Got back yesterday from a week long Caribbean cruise with the family. Wonderful time, although now I’m back on land, I keep getting inner ear tweaks that make me think the ground is moving beneath me. Details and pictures from the cruise coming soon! I’m compiling my notes and logs, and downloading pictures from our new camera.



Writing Stuff:

Going through the various Critters critiques I’ve received last week. Email was crap on the ship so I didn’t read them while onboard.

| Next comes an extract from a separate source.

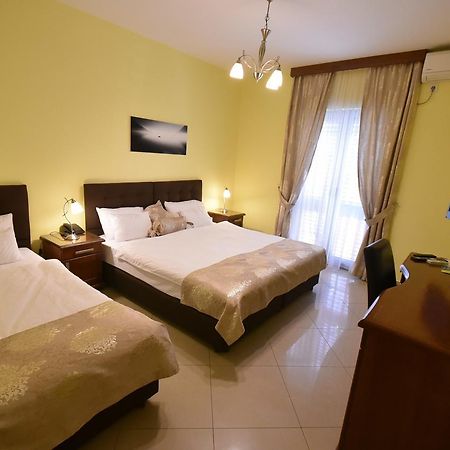 Hotel Ellena Herceg Novi Exterior photo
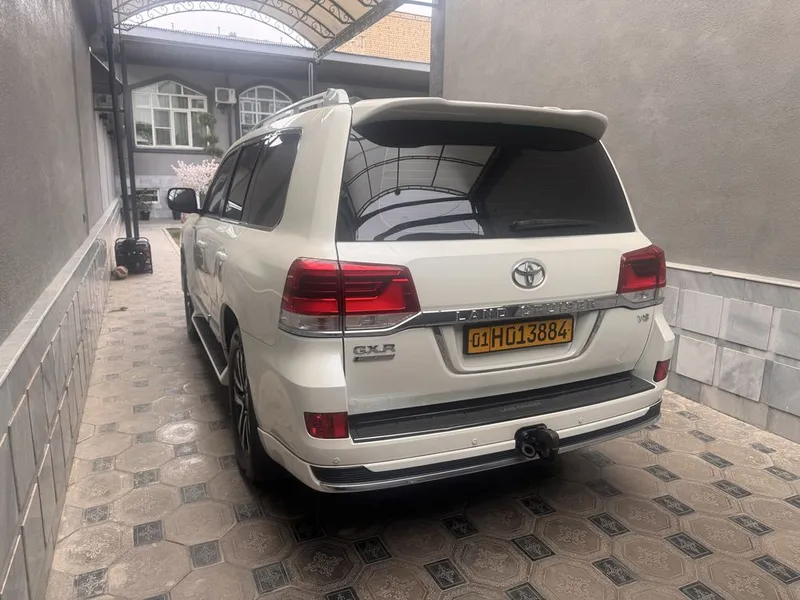 Toyota land cruiser 200 год 2019 — фото 2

After coming home to a week’s worth of new mail. Received:
SALE to Cricket for my folk tale “The King of Rabbits and Moon Lake”! Good news indeed to return to!
– Rejection from Cicada. Pook. While they really liked the story, they thought it too emotionally wrenching for their teen audience, and hence not right for them.
– Rejection from Talebones – personalized. “Almost, please send more soon.”
– Rejection from Sci-Fiction – from Ellen Datlow, “not subtle enough” for her.
– Rejection from Asimov’s – form from Sheila Williams (sigh).

Oof. But I’m happy-dancing ’bout another sale to Cricket!

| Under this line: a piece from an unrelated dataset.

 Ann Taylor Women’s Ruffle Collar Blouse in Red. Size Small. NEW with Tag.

Also, my excerpt “Visiting Day” is up at the ELP Library with very cool cover art:

Weird Night

Had a strange night. I think the weirdness was mostly due to the Clonazepam, which is doing precious little for my wing stub pains, so I’m contemplating going off them. I’m paying too high a price in loopiness in the AM, and disturbing dreams in the PM.

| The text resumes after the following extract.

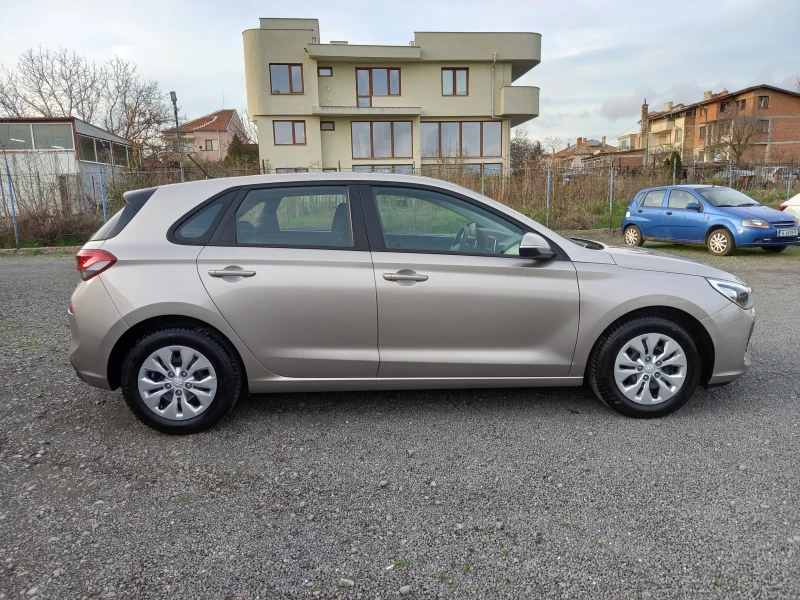 Hyundai I30 45000км., снимка 3 - Автомобили и джипове - 52654697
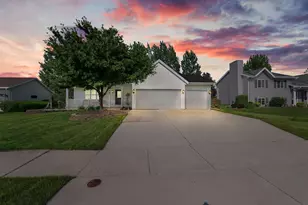 465 Mary Lee Dr, Fond du Lac, WI 54935 - Photo 1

Had some very vivid and unpleasant dreams of which I can only remember flashes. I seem to recall carting a baby piglet around in my arms and being very concerned that people would think he was a wild pig and wanting to take him away. And then getting caught in a dimensional rift and ending up in a universe where all these tiny Japanese schoolgirls didn’t want to share their high-tech Sony gadgets with me. Peculiar.

Woke up at 3:30 in the morning feeling like I’d just been shaken awake. Of course, I hadn’t, so I checked my email. Fired off a couple correspondences. I’m actually a little concerned that I might not have been coherent in those emails.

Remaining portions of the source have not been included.